Would you mind restating all of the records word for word, skipping the pictures?

----

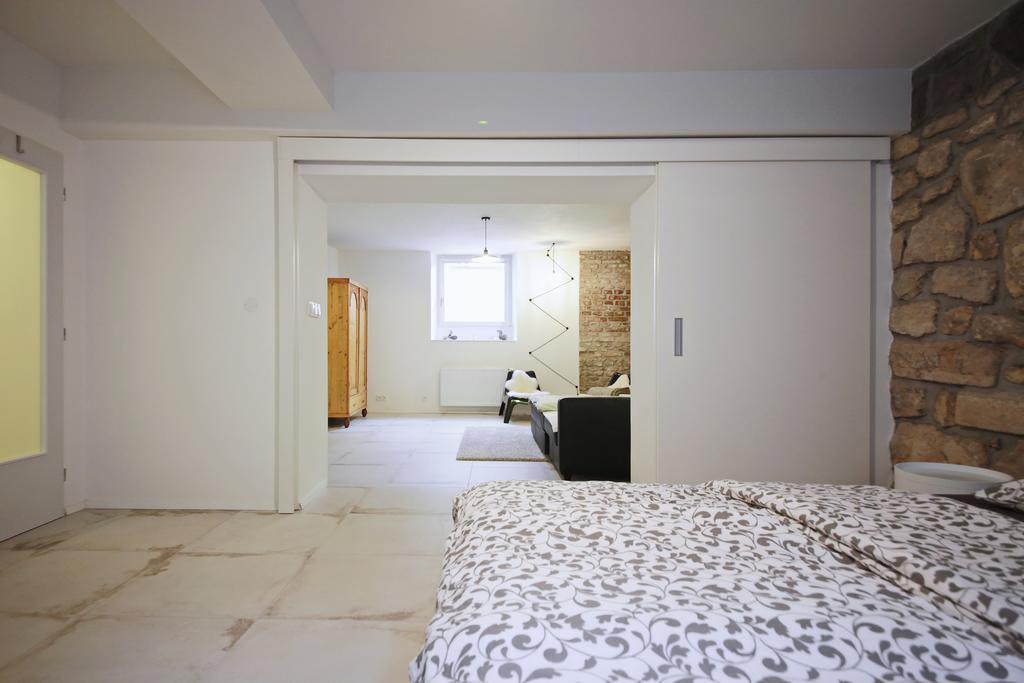 Apartment Kosatcova Prague Exterior photo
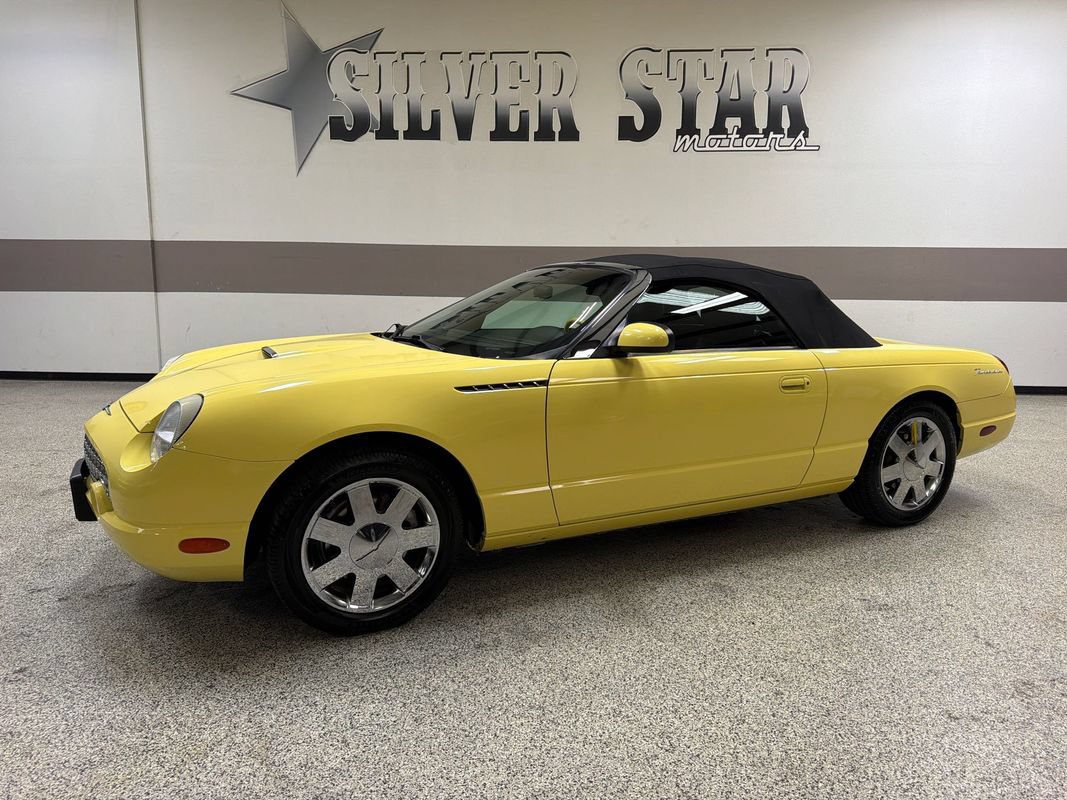 Used 2002 Ford Thunderbird RWD image 1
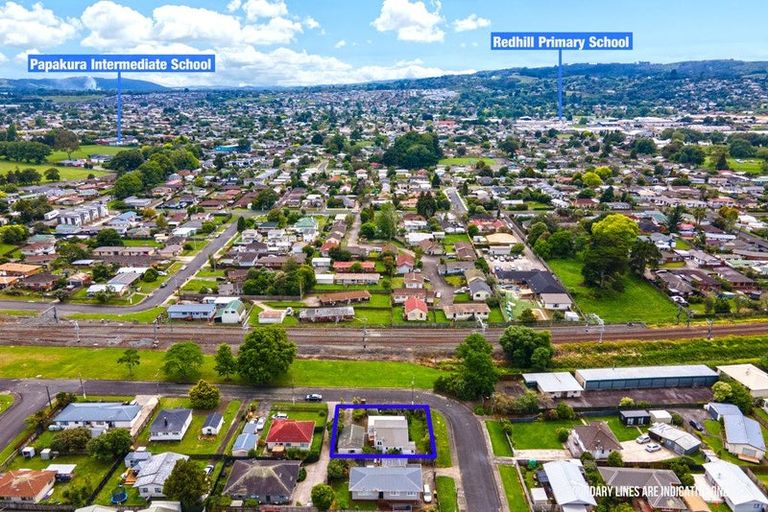 Photo of property in 31 Railway Street West, Papakura, 2110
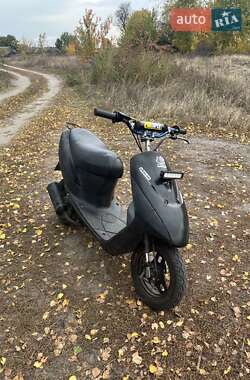 Мопеды Suzuki Lets 2 2004 в Новых Санжарах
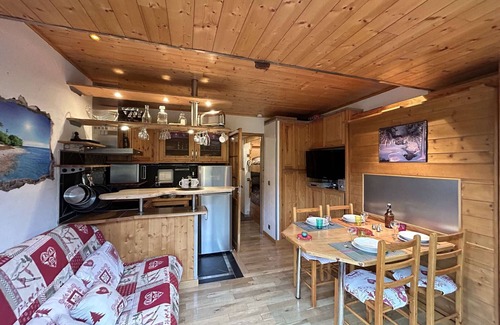 Meribel Centre Apartamento | Estudio acogedor con terraza y piscina, cerca de pistas y servicios en Méribel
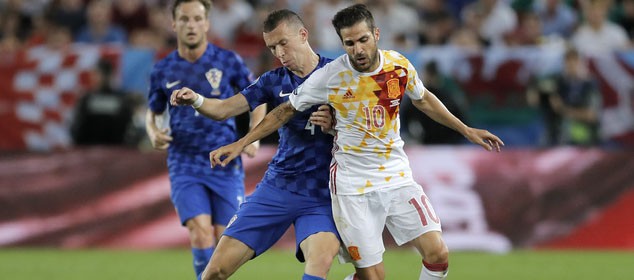 Bảng D, Croatia 2-1 Tây Ban Nha: Nhà vua gục ngã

----

--- Result of this exercise ---
 Apartment Kosatcova Prague Exterior photo
 Used 2002 Ford Thunderbird RWD image 1
 Photo of property in 31 Railway Street West, Papakura, 2110
 Мопеды Suzuki Lets 2 2004 в Новых Санжарах
 Meribel Centre Apartamento | Estudio acogedor con terraza y piscina, cerca de pistas y servicios en Méribel
 Bảng D, Croatia 2-1 Tây Ban Nha: Nhà vua gục ngã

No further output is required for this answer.